将来フリーランスとして独立することは可能ですか?
はい、可能です。
Webデザイナーはパソコンとネット環境があればどこでも仕事ができるため、フリーランスと相性の良い職種です。
会社員として数年間の実務経験を積み、スキルと人脈を構築してから独立するルートが一般的です。
独立後は、デザインスキルだけでなく、案件を獲得するための営業力も必要になります。
まとめ

この記事で解説したWebデザイナーの仕事内容や実態について、重要なポイントを整理します。
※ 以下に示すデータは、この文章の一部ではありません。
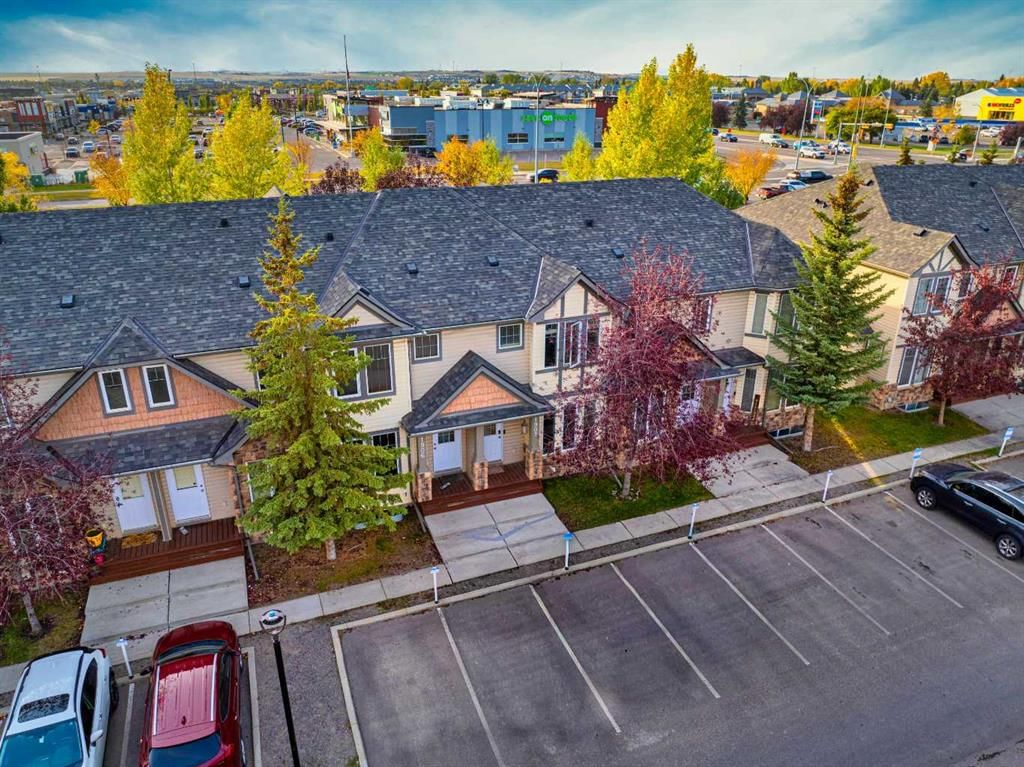 1907, 2445 Kingsland Road SE, Airdrie — photo 2 of 32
- Webサイトの企画からデザイン、コーディングまでを担当する仕事
- 平均年収は539.6万円(全産業平均より約60万円高い水準)
- 必須スキルはデザイン、コーディング、コミュニケーションの3つ
- モノづくりが好きで、地道な作業をコツコツ続けられる人に向いている
- 未経験から目指す場合はポートフォリオの作成が最も重要
- AI時代でも、企画力やUI/UX設計ができるデザイナーの需要は高い
Webデザイナーは、自分の手で作り上げたものがインターネット上で多くの人の目に触れ、企業の売上や課題解決に直結する、やりがいのある仕事です。
未経験から挑戦するには学習の努力が必要ですが、身につけたスキルは一生の武器になります。
もしWebデザイナーという職業に興味を持ったなら、まずは無料の学習サイトでHTML/CSSに触れてみたり、デザインツールの体験版を使ってみたりと、小さな一歩を踏み出してみてください。